TASK DIRECTIONS –
Each line of the data must be copied exactly.

PROVIDED DATA –
------------------------------------------------

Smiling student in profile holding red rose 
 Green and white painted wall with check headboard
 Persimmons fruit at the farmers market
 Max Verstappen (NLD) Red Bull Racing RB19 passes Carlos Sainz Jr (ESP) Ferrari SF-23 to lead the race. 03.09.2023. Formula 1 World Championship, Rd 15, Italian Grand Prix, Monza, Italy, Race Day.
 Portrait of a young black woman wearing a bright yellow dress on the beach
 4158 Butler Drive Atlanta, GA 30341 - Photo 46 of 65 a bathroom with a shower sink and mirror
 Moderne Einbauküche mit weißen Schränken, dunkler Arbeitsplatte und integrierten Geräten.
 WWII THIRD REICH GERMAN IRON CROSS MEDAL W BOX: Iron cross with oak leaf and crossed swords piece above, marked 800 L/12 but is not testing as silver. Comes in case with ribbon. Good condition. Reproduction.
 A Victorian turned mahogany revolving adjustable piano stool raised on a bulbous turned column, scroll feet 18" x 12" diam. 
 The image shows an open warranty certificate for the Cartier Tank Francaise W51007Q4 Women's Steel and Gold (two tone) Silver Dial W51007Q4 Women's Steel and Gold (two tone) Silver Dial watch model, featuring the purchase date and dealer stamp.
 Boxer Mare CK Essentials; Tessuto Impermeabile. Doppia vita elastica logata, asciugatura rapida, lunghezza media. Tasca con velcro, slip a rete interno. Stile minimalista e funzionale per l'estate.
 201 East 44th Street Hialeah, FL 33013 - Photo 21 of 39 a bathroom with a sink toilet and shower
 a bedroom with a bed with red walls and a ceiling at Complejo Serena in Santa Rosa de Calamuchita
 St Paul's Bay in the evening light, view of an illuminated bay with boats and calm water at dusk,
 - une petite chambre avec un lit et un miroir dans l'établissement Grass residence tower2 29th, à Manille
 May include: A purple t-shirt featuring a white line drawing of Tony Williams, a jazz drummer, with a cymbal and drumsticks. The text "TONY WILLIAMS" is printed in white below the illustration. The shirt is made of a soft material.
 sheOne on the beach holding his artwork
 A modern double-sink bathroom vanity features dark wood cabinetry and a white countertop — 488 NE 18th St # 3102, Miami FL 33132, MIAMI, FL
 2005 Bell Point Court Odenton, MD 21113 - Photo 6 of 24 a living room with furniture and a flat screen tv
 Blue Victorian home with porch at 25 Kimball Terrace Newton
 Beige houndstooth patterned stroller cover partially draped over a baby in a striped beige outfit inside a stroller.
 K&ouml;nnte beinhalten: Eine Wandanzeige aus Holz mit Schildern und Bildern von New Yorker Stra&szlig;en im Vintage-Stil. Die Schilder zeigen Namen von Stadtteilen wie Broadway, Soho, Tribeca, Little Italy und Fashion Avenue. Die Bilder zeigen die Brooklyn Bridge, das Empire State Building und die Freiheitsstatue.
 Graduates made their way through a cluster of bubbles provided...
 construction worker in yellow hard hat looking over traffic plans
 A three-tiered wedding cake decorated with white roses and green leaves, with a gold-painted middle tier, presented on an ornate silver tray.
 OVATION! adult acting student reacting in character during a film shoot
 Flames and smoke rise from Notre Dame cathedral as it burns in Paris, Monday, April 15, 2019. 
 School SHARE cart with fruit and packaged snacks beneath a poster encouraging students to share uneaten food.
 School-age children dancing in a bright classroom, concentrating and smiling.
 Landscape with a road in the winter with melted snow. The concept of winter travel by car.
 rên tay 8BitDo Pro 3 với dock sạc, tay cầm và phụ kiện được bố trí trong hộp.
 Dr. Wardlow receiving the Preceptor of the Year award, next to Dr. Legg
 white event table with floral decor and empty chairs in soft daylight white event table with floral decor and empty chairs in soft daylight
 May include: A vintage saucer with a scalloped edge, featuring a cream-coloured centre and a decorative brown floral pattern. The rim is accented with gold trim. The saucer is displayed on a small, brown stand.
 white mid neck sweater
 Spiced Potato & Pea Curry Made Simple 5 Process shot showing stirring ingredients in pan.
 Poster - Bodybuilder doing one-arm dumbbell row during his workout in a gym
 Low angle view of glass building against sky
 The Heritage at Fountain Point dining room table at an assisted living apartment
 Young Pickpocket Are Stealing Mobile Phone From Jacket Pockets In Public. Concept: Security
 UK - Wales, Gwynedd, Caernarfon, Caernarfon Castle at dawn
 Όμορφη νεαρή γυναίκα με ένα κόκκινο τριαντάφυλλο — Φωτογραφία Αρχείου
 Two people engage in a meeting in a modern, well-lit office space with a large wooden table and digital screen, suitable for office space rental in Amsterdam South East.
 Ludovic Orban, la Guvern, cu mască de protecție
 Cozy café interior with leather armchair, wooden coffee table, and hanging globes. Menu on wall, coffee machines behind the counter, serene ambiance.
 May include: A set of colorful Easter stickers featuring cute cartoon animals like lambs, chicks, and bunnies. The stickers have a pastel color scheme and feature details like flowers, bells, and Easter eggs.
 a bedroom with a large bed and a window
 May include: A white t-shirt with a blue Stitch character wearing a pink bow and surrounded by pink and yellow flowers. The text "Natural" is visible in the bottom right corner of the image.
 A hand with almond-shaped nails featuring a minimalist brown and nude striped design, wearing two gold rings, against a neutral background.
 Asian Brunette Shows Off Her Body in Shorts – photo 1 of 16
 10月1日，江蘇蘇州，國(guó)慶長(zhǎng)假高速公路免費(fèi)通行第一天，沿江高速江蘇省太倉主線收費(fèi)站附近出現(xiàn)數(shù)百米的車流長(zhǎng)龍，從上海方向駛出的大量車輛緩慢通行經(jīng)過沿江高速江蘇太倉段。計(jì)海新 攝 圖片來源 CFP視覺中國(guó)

------------------------------------------------

SOLUTION –
Smiling student in profile holding red rose 
 Green and white painted wall with check headboard
 Persimmons fruit at the farmers market
 Max Verstappen (NLD) Red Bull Racing RB19 passes Carlos Sainz Jr (ESP) Ferrari SF-23 to lead the race. 03.09.2023. Formula 1 World Championship, Rd 15, Italian Grand Prix, Monza, Italy, Race Day.
 Portrait of a young black woman wearing a bright yellow dress on the beach
 4158 Butler Drive Atlanta, GA 30341 - Photo 46 of 65 a bathroom with a shower sink and mirror
 Moderne Einbauküche mit weißen Schränken, dunkler Arbeitsplatte und integrierten Geräten.
 WWII THIRD REICH GERMAN IRON CROSS MEDAL W BOX: Iron cross with oak leaf and crossed swords piece above, marked 800 L/12 but is not testing as silver. Comes in case with ribbon. Good condition. Reproduction.
 A Victorian turned mahogany revolving adjustable piano stool raised on a bulbous turned column, scroll feet 18" x 12" diam. 
 The image shows an open warranty certificate for the Cartier Tank Francaise W51007Q4 Women's Steel and Gold (two tone) Silver Dial W51007Q4 Women's Steel and Gold (two tone) Silver Dial watch model, featuring the purchase date and dealer stamp.
 Boxer Mare CK Essentials; Tessuto Impermeabile. Doppia vita elastica logata, asciugatura rapida, lunghezza media. Tasca con velcro, slip a rete interno. Stile minimalista e funzionale per l'estate.
 201 East 44th Street Hialeah, FL 33013 - Photo 21 of 39 a bathroom with a sink toilet and shower
 a bedroom with a bed with red walls and a ceiling at Complejo Serena in Santa Rosa de Calamuchita
 St Paul's Bay in the evening light, view of an illuminated bay with boats and calm water at dusk,
 - une petite chambre avec un lit et un miroir dans l'établissement Grass residence tower2 29th, à Manille
 May include: A purple t-shirt featuring a white line drawing of Tony Williams, a jazz drummer, with a cymbal and drumsticks. The text "TONY WILLIAMS" is printed in white below the illustration. The shirt is made of a soft material.
 sheOne on the beach holding his artwork
 A modern double-sink bathroom vanity features dark wood cabinetry and a white countertop — 488 NE 18th St # 3102, Miami FL 33132, MIAMI, FL
 2005 Bell Point Court Odenton, MD 21113 - Photo 6 of 24 a living room with furniture and a flat screen tv
 Blue Victorian home with porch at 25 Kimball Terrace Newton
 Beige houndstooth patterned stroller cover partially draped over a baby in a striped beige outfit inside a stroller.
 K&ouml;nnte beinhalten: Eine Wandanzeige aus Holz mit Schildern und Bildern von New Yorker Stra&szlig;en im Vintage-Stil. Die Schilder zeigen Namen von Stadtteilen wie Broadway, Soho, Tribeca, Little Italy und Fashion Avenue. Die Bilder zeigen die Brooklyn Bridge, das Empire State Building und die Freiheitsstatue.
 Graduates made their way through a cluster of bubbles provided...
 construction worker in yellow hard hat looking over traffic plans
 A three-tiered wedding cake decorated with white roses and green leaves, with a gold-painted middle tier, presented on an ornate silver tray.
 OVATION! adult acting student reacting in character during a film shoot
 Flames and smoke rise from Notre Dame cathedral as it burns in Paris, Monday, April 15, 2019. 
 School SHARE cart with fruit and packaged snacks beneath a poster encouraging students to share uneaten food.
 School-age children dancing in a bright classroom, concentrating and smiling.
 Landscape with a road in the winter with melted snow. The concept of winter travel by car.
 rên tay 8BitDo Pro 3 với dock sạc, tay cầm và phụ kiện được bố trí trong hộp.
 Dr. Wardlow receiving the Preceptor of the Year award, next to Dr. Legg
 white event table with floral decor and empty chairs in soft daylight white event table with floral decor and empty chairs in soft daylight
 May include: A vintage saucer with a scalloped edge, featuring a cream-coloured centre and a decorative brown floral pattern. The rim is accented with gold trim. The saucer is displayed on a small, brown stand.
 white mid neck sweater
 Spiced Potato & Pea Curry Made Simple 5 Process shot showing stirring ingredients in pan.
 Poster - Bodybuilder doing one-arm dumbbell row during his workout in a gym
 Low angle view of glass building against sky
 The Heritage at Fountain Point dining room table at an assisted living apartment
 Young Pickpocket Are Stealing Mobile Phone From Jacket Pockets In Public. Concept: Security
 UK - Wales, Gwynedd, Caernarfon, Caernarfon Castle at dawn
 Όμορφη νεαρή γυναίκα με ένα κόκκινο τριαντάφυλλο — Φωτογραφία Αρχείου
 Two people engage in a meeting in a modern, well-lit office space with a large wooden table and digital screen, suitable for office space rental in Amsterdam South East.
 Ludovic Orban, la Guvern, cu mască de protecție
 Cozy café interior with leather armchair, wooden coffee table, and hanging globes. Menu on wall, coffee machines behind the counter, serene ambiance.
 May include: A set of colorful Easter stickers featuring cute cartoon animals like lambs, chicks, and bunnies. The stickers have a pastel color scheme and feature details like flowers, bells, and Easter eggs.
 a bedroom with a large bed and a window
 May include: A white t-shirt with a blue Stitch character wearing a pink bow and surrounded by pink and yellow flowers. The text "Natural" is visible in the bottom right corner of the image.
 A hand with almond-shaped nails featuring a minimalist brown and nude striped design, wearing two gold rings, against a neutral background.
 Asian Brunette Shows Off Her Body in Shorts – photo 1 of 16
 10月1日，江蘇蘇州，國(guó)慶長(zhǎng)假高速公路免費(fèi)通行第一天，沿江高速江蘇省太倉主線收費(fèi)站附近出現(xiàn)數(shù)百米的車流長(zhǎng)龍，從上海方向駛出的大量車輛緩慢通行經(jīng)過沿江高速江蘇太倉段。計(jì)海新 攝 圖片來源 CFP視覺中國(guó)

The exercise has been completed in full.